Friday, December 11, 2015
4:38 pm

Hello everybody! There’s been quite a bit of interesting weather lately in Seattle, and I haven’t been posting much. However, it is not because I have suddenly lost my interest for meteorology. That would be impossible.

It is because I’ve been getting preparing, packing, traveling, and finally settling in Indonesia!

My little brother (he’s 20… not quite so little anymore) has been studying abroad in Bali for this past semester, and my parents decided it would be fun to go to Indonesia and eventually meet up with him before coming back together just in time for Christmas. My mom taught English in Indonesia for one year after she graduated from college, so we thought it would be great to go back so she could revisit both the places and people she got to know so well back in the 70s.

We arrived at Sea-Tac airport around 10 pm on Tuesday, and hopped on a Boeing 747 flight to Taipei at 12:05 am. We didn’t get into Taipei until 4:55 a.m. – a 12 hour and 50 minute flight. On my last transcontinental flight (a trip to Europe with the Garfield Jazz Band), I was lucky enough to automatically be upgraded to business class on the flight home from London to Seattle because they had overbooked coach. Alas, I wasn’t so lucky this time, so I spent nearly 13 hours sitting in the same position. Luckily, there was enough turbulence to make things interesting, both coming out of Seattle and coming into Taipei. We were in the midst of a powerful atmospheric river event at the time with a 150-knot jet stream over the area, which not only added some bumps but slowed our flight across the Pacific. We’re supposed to shave off nearly 3 hours on our return flight from Taipei to Seattle… we’ll see if that happens!

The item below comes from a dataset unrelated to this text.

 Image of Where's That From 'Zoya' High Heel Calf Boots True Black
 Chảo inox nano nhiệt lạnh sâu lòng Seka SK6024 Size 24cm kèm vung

My first impressions of Taipei were that it was more American than America. There were “Merry X-Mas” signs everywhere in the airport. When you walked down one of those long, straight stretches where the gates are located and moving sidewalks are often found, there were two “Merry X-Mas” signs spaced every 10 feet apart for as far as the eye could see. The Taipei airport is huge, and we walked by hundreds and could see hundreds more in the distance. There were also extremely high-end department stores, like Burberry and Gucci. I wanted to buy a Burberry scarf, but after the conversion from New Taiwan Dollars to US,, it cost $536. And I thought those $6 hamburgers at Sea-Tac were expensive!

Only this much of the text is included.